Saint Margaret of Scotland was an English princess and a Scottish queen and is referred to in many quarters as “the pearl of Scotland.” She was actually born in Hungary and was a devout and pious Christian given to many good works including funding the pilgrims crossing across the Firth of Forth that is now universally known as Queensferry.

The chapel of St Margaret of Scotland is within the walls of Edinburgh Castle where flowers, in memory of my late Mother – in – Law Margaret Cooper, are sometimes placed. There are many Margaret’s in my wife’s side of the family – it was in fact touch and go and required considerable resolve on my part to prevent both Harry and Freddie having Margaret as one of their Christian names!!

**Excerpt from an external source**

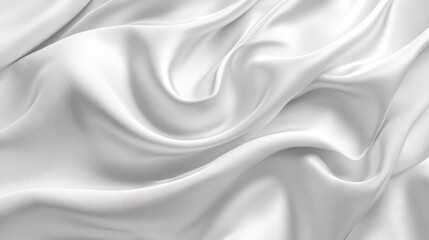 Obraz premium Elegant white satin silk with waves, abstract background.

We remember the saints of the Church throughout the year. We remember the Fallen of two world wars and other conflicts every Remembrancetide and this year is no exception.

On this 100th anniversary year special arrangements are being made at the evening service that includes the original Ex-Servicemen’s Standard that was carried by our First World War Veterans being laid on the altar with our Book of War Dead, a piece of poetry being read, the names of the Fallen read by four parishioners from upstairs, a solo being played on the flute and much else besides.

We will remember them.

In addition we have recently discovered another name missing from the Roll Call and for the first time Bartholomew Lucas will be remembered. One of his relatives Colonel George Meleleu of the US Army will also be with us on Remembrance Sunday and we offer him a very warm welcome.

I firmly believe that The Act of Remembrance is not the opportunity for promoting the merits of social cohesion; we simply remember our war dead whether by name or in our actual memory. On the 101st anniversary of the cessation of hostilities we will remember them and we must continue to remember them, these pearls of our national consciousness, year on year, grateful and thankful for the sacrifices that they made.